Have you ever spent much time out here? The UCLA campus and the neighborhoods around it are quite lovely. Sure, it’s not the cheapest place to live, but it’s relatively safe and clean for a big-city neighborhood.
When I was a kid - really young, 7 or 8, The Paper Chase was on TV. I wanted to be a lawyer. I wanted to study in a big library with lots of lawbooks. I used to play at being a judge or a lawyer (as best I had a vauge understanding of it).
So I got an English degree. I took some law classes, but I didn’t think I could be a lawyer, I didn’t think I was smart enough. But I really wanted to be one, and I used to think what if…
When I was a kid, from a very young age, I was fascinated with movies, special effects, and stop animation. I commandeered my dad’s old 8mm film camera to make my own stop animations.
Cool. I had no interest in commercial aircraft when I was young, BUT I was fascinated with the concept of flying and military aircraft both old and modern. I had a cupboard in my bedroom made up into a fighter cockpit and I’d sit in there when I was 8 - 9 and make aeroplane noises. I made model aeroplanes, paper darts, flew kites, regularly rode a bicycle 30kms to visit an airforce base, joined the air cadets, got a gliding scholarship, and watched Top GUn seven times in the movie theater and at least another 20 times on video. Now flying is my job, though I still have no great interest in commercial aircraft other than as a source of income.
This was also true of me and for a long, long time in my childhood and adolescence, I wanted badly to make videogames when I grew up. I did go on to get a degree in computer science, with the videogame thing surely playing a major role in my initial interest in programming and so forth (and, in fact, my first exposure to Haskell was sparked by a reply Tim Sweeney gave to an e-mail from my 10th grade self asking the best way to break into the videogame business), but I was already fairly disabused of the glamor of the idea of working in that industry by the time I started college and eventually, alas, apparently lost most of my interest in even working on such things as a hobby. (Of course, these days, I hardly even play videogames, so… that’s that, as well)

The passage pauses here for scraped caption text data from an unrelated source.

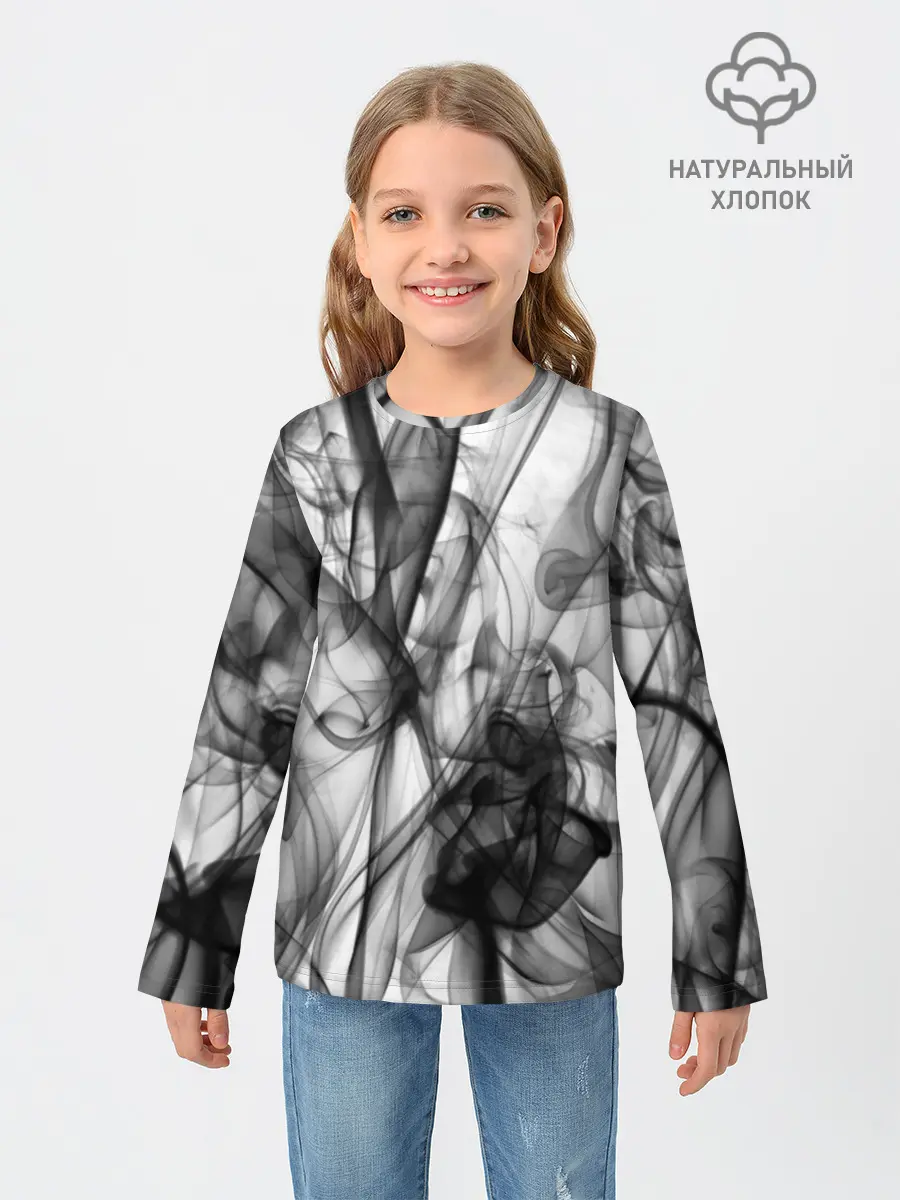 Детский лонгслив / SMOKE ABSTRACTION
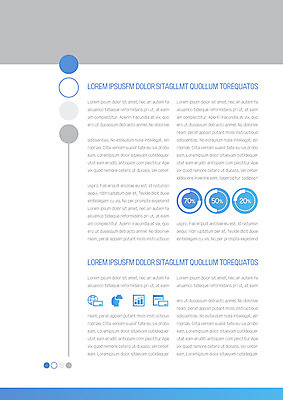 템플릿 내지 그래프 사람없음 파란색 회색 원형 프레젠테이션 문서템플릿 서식 문서 제안서 이미지템플릿 AI파일 도형 컬러 파일형식 벡터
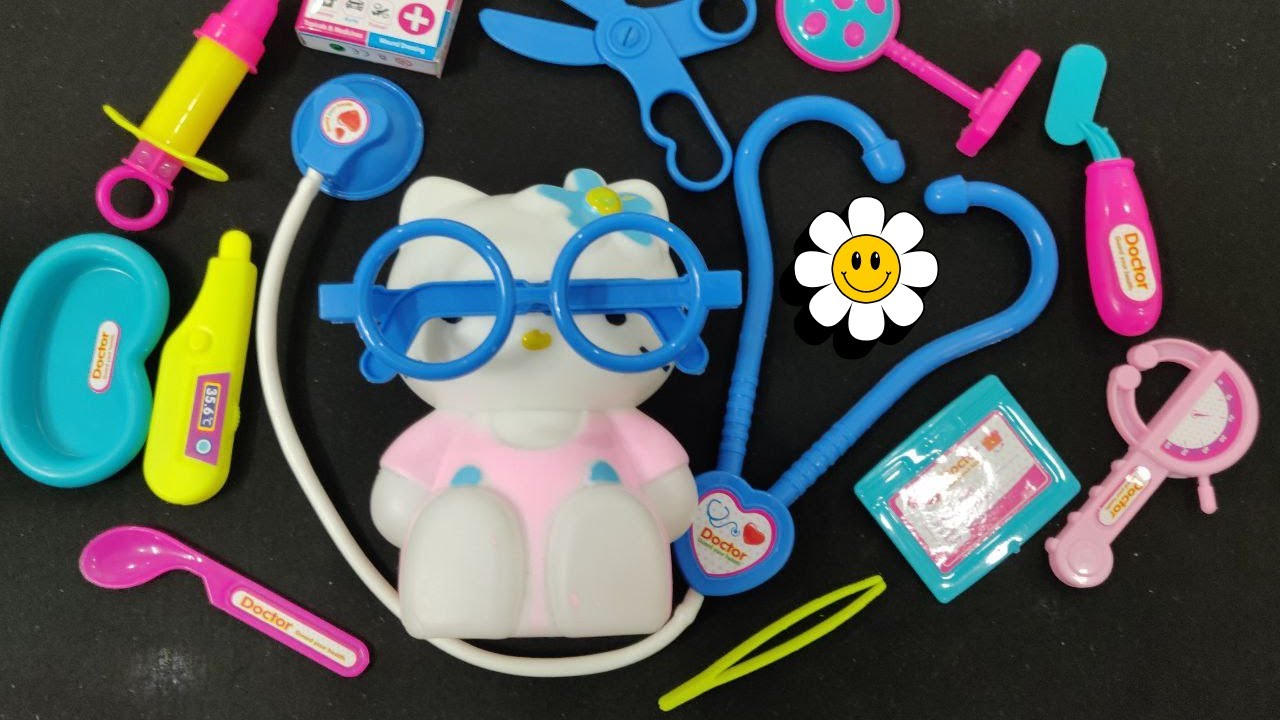Dr set unboxing Satisfying to unboxing Doctor set Asmr Hello Kitty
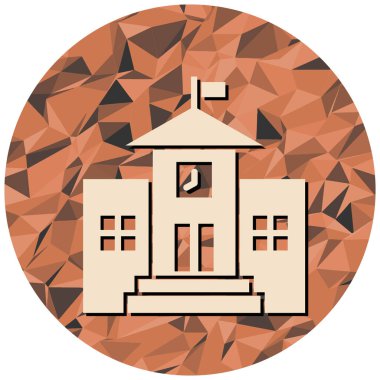 Ev. Web simgesi basit illüstrasyon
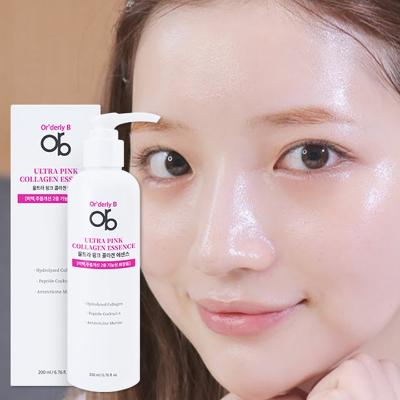 [1+1]ORB 울트라 핑크 콜라겐 노화케어 대용량 에센스 200ml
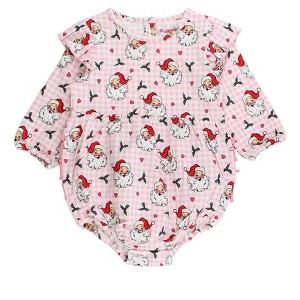 RuffleButts Baby Toddler Girls Long Sleeve Flutter Bubble Romper - 1 of 4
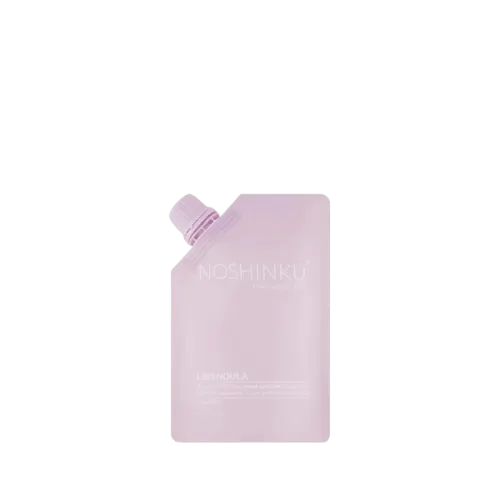 The image shows the ExPäcK 11.2oz PE Pouch (Mono UniSpout 330ml). The pouch is a sleek, rectangular-shaped flexible container with a spout for easy pouring and a twist-off cap for secure closure. The pouch is white with a minimalist design, featuring clean lines and a smooth surface.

Too crowded, and I detest the way it takes forever to drive anywhere because of the road system. Being there for more than the weekends I have visited is about as appealing as root canal without drugs. It has always reminded me of living in one of those ant colonies you used to see back in the 60s and 70s in elementary school classrooms. I do understand the air quality has improved from the 70s and 80s. I went through a weekend of temperature inversion and ended up with bronchitis from that visit. Hopefully it is way better…though I bet it is even more crowded, and the roads are way more packed and slow.
[I was in LA about 4-5 days a month on business from 79-80 and 81-84 for the company I was working for. ]
A lot of my early fascination with computers was around games. Of course, in the 1970s, it’s not like the games were the way they are now, but in a way that played into my fascination - they were accessible, I could actually program my own game that was almost as good as anything on the market.
My first experience with programming was typing in code from Compute! Magazine (I’m sure I’m not the only one…) so I could play more games than just the few my parents bought me with my Vic 20. Later on, I took after-school lessons on programming.
I was pretty obsessed, but by the time I graduated from high school I’d decided I didn’t want to do anything with computers for a living. Instead, I went to school more with an eye towards my archeology interest - ended up with a major in Greek & Latin. Even went and did independent research in Greece… on “Computing in Greece.” Put myself through school working in various computer-related jobs.
And here I am, 40 years old, still working in computers, and trying to figure out what I REALLY want to do when I grow up.